Definitely bring your Visa for that.

Tuesday, January 8, 2013

A Man’s Home is his Castle

     A man’s home is his castle.
     Until he puts it on the real estate market to sell it.
     Then it’s an open house for total strangers to come in, walk around, peek and probe, ridicule and criticize.
     The internet has dramatically changed how homes are marketed these days. Now, potential buyers can go on-line to a 360-degree camera view of your entire house, room by room, including the outside. The camera lens would make even a closet look like a cavernous gymnasium, every edge rounded and extended. When I first saw our house this way, I thought they shot the wrong house! Add the soothing music that accompanies the video, if you lean in close enough, you can just catch the faintest wisp of a home-made apple pie cooking in the oven.

     But before you even get to the pretty pictures and marketing, you’ll need to remove the clutter in your house. What is clutter? Pretty much anything and everything in your house that you treasure, and make the house feel distinctly like your home. Gone are the precious family photos hanging on the walls. Hide those knick-knacks, candles, and plants. Box up your movies, CDs, and books. And for God’s sake, make your bathrooms spotless---re-caulk every nook and cranny, put the shampoo, conditioner and soap under the sink. No towels should hang anywhere. Kitchens ought to look as sterile as an operating room.
       The barer the house, the better. If your house looks like no one has ever lived there, let alone lives there now, you get the idea.

     Now it’s time for the showings. That’s the time when every realtor who’s ever gotten a license can make an appointment to come to your house any day or night of the week with strangers who may or may not have the money to buy your house.
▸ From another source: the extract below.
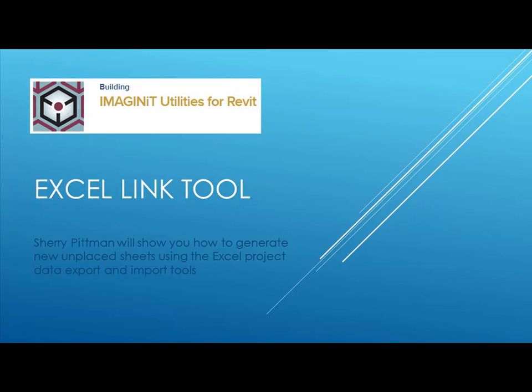Hi, my name is Sherri Pittman, and I'll be showing you how to use the Imaginate Excel link tool to generate sheet placeholders.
Like the cable company, they make appointments in two or three hour blocks. At first, we’d all high-tail it out of there for two hours. Then as we got more used to the process, we’d wait until they’d ring the doorbell and then rush out the back door, dog in tow, to lurk across the street in the park or park up the street in the car. From both vantage points, we’d watch the front door, waiting for them to leave, so we could go home. If they stayed too long, we were mad, because we were inconvenienced. If they stayed too short, we were insulted because we figured they didn’t like what they saw.
     One Sunday night, 20 minutes after the showing window closed, and just after I opened a cold beer and started the barbecue, a realtor showed up with a whole family including 3 kids. I hate to admit it but as I backed out of the drive-way, I caught the realtor’s eye and tapped my wrist-watch menacingly. By the time I got back, my beer was warm.
     The dog, however, loved the whole process for all the walks he got.
     These days, almost immediately after the showings, you can go on-line to view the potential buyers and realtor comments about your house. But be prepared to be insulted!
      “The yard was too big.”
      “The yard is too small.”
      “Oh, I didn’t like the pre-fab cabinets.”
      “Loved the two-story windows that opened to the backyard.”
      “Hated those high windows—where are the blinds?”

     After failing to sell my house for 6 months, and about 150 showings, and investing about $10,000 in upgrades, I called our realtor up and told him to yank the sign out of the yard. Immediately after that, I grabbed a hammer and hung back the family portrait over the mantle, grabbed a cold beer and fired up the barbecue, because after all, a man’s home is his castle.